Abusing Bots/Scrapers and How to Block Them
There are several ways to block abusing bots and scrapers. If you run WordPress, there many plugins you can use.
Robots.txt: For Bots, try to block them using your robots.txt file. Some Bots respect robots.txt directives and some not. But it’s worth a try.
Cpanel method: You can add the IP or the whole range of IPs from Cpanel option Block IP. That will automatically add some IP block code in your .htaccess. Nothing else to do. But this is not the easiest way, since Bots can have many IPs all over the world, that also change from time to time.
.htaccess method: Filter the bots using mod_rewrite and “http_user_agent”. Not always reliable since they can change or fake the “http_user_agent”. Works in most of cases.
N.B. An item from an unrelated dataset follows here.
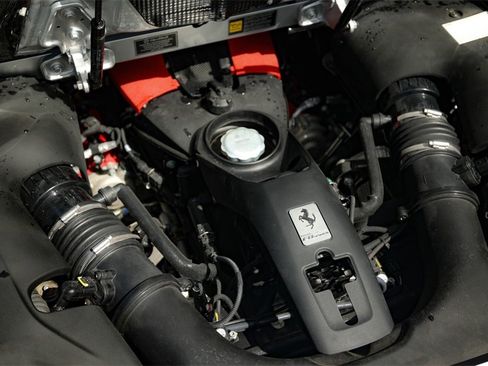 Certified 2021 Ferrari F8 Tributo image 20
Here is an example of what to add (and modify as needed) on the Top of your .htaccess:
# Abuse User Agents Blocking
# Blocking user agents stops traffic from the named bots below
#<IfModule mod_rewrite.c>
RewriteCond %{HTTP_USER_AGENT} ^.*(zgrab|evc-batch|webceo|SEOkicks|python|Crawler|dataprovider|admantx|WebDataStats|Apache-HttpClient|netcraft|spider|Clickagy|ZoominfoBot|Barkrowler|babbar).*$ [NC,OR]
RewriteCond %{HTTP_USER_AGENT} ^.*(Yisou|package|censys|projectdiscovery|scrapy|Java|GuzzleHttp|colly|seostar|TTD-Content|Hatena|GumGum-Bot|serpstatbot|aiHitBot|SurdotlyBot|Adsbot|linkfluence|netsystemsresearch).*$ [NC]
RewriteRule .* - [F,L]
#</IfModule>
# Abuse bot blocking rule end
The above is just an example, not a full set of bot’s names by any means. But it is a good start :)
There is also a much better way to block all those bots (and more than bots) but you have to be technically inclined. If so, please check CIDRAM script.
What is CIDRAM?
CIDRAM (Classless Inter-Domain Routing Access Manager) is a PHP script designed to protect websites by blocking requests originating from IP addresses regarded as being sources of undesirable traffic, including (but not limited to) traffic from non-human access endpoints, cloud services, spambots, scrapers, etc.
With CIDRAM you can make ANY kind of custom rules, to block using by “user agent”, by “hostname”, by any words in the url with wildcards (for example “*.env”) or even block by Country.
CIDRAM also offers several modules to check visitors against AbuseIPDB and other popular blacklists.